McCormack Line Drive TLC-1 preamplifier Page 3
First up to the plate was the TLC-1's obvious competitor: its passive ancestor, the Mod Squad Line Drive Deluxe—for quite a while my reference for preamplifier non-signature. To my surprise, the Line Drive was more colored than the TLC-1 in its passive mode, its midrange sounding somewhat "squawky" in comparison. It also sounded more veiled, with less top-octave air. Dynamics and bass performance were about the same, however. When I used the TLC-1's buffered outputs, the difference was larger. There was a slight loss in space and image palpability, but the sound otherwise retained its superb transparency. More importantly, the buffered outputs had a better sense of dynamic shading.

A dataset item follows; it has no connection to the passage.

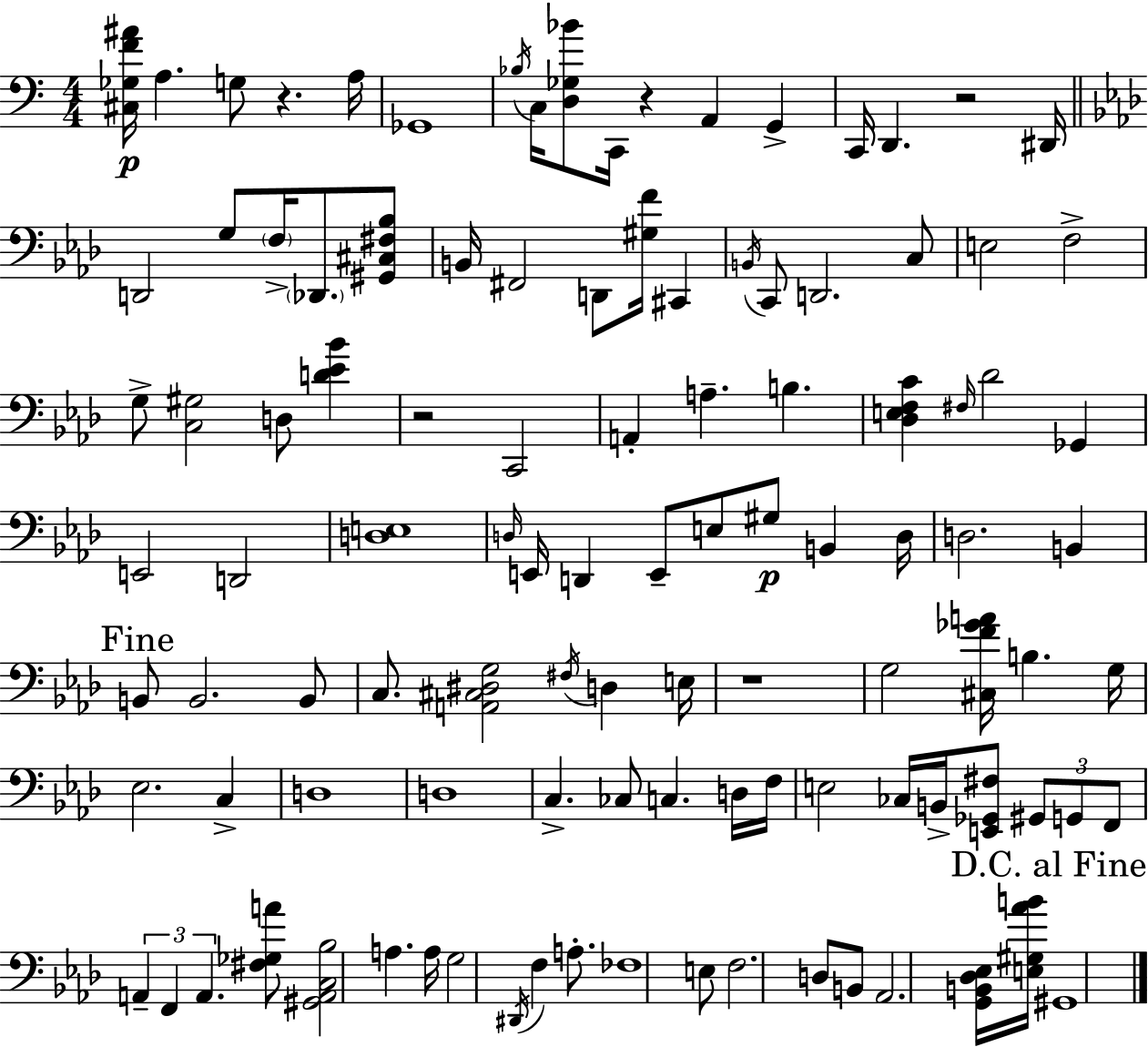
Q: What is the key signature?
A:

While the lows were still not as authoritative as those of the YBA 2, they were less lean, and the sense of pace was improved.
Turning to the slightly more expensive Melos SHA-1, which marries a FET output to a tubed gain stage, the sound changed considerably. I enjoyed the Melos preamp's presentation a lot, but there was no doubt that it was big and blowsy compared with the McCormack in both passive and active modes. Both lacked that ultimate clarity on bass guitar that's so important to me; but where the TLC-1's lower mids were somewhat lean, the SHA-1's were rather bloated. Yes, there was more deep bass evident, but everything sounded a little too lethargic. Though the Melos was also more veiled in the treble, with less top-octave air, it still won out in the image palpability stakes. It's that sense of "being there" imparted by tubes, I guess.
More importantly, the McCormack lacked the tubed preamp's slight upper-midrange bite, particularly in passive mode, when brass instruments in my Gerontius recording on Test CD 2 had just the right amount of blattiness. (This term, coined by J. Gordon Holt, actually describes the sound of the air in the instrument going non-linear at very high levels; it's similar to the crackle in the sound of a jet engine.) Switching to the TLC-1's buffered output made this blattiness just a smidgen too "electronic," in that it started to take on the character of white noise; the Melos went further in the same direction.
Changing to the Classé Six revealed the Canadian preamp to have both more bass and better defined bass than the McCormack. However, even in its balanced mode, there was a slight treble chalkiness to its sound compared with the buffered TLC-1, which led me to prefer the latter overall. The McCormack's output FETs are refreshingly free from treble hash and grain, rivaling the French YBA 2's line stage in that regard, and the Californian preamp doesn't have the French preamp's slightly uptilted highs. If only the TLC-1 could have the YBA's combination of low-frequency extension and definition, it would be unbeatable!
Do I still think that the preamplifier is the sonic heart of a system? Absolutely. When it comes to acting as a wide-open window to the music, the danger exists that every facility and function will detract, even slightly, from the ultimate sound quality. The task for the designer is to come up with a circuit that does the least damage to the audio signal, then add the necessary preamp functions in such a way that the purity of the signal is not compromised.
This the McCormack design team has done. It may not offer the ultimate in bass drive and extension, and the Melos SHA-1 edges ahead in image palpability, but in all other respects, the McCormack TLC-1 is one of the most transparent, least colored preamplifiers I've used. With a maximum gain of just less than unity, it may not go loud enough in systems based on insensitive loudspeakers, or on amplifiers that need more than 2V to reach their maximum output levels. It will also be inappropriate for use in systems where a cassette deck or FM tuner is an oft-used source. And, of course, it doesn't have a phono stage. Neither does it offer the currently fashionable features of remote control or balanced operation. But at $995, the McCormack is astonishing value for money. Recommended. Highly recommended. If you're looking for the best sound for the dollar in line-level preamplifiers, buy a TLC-1 right now!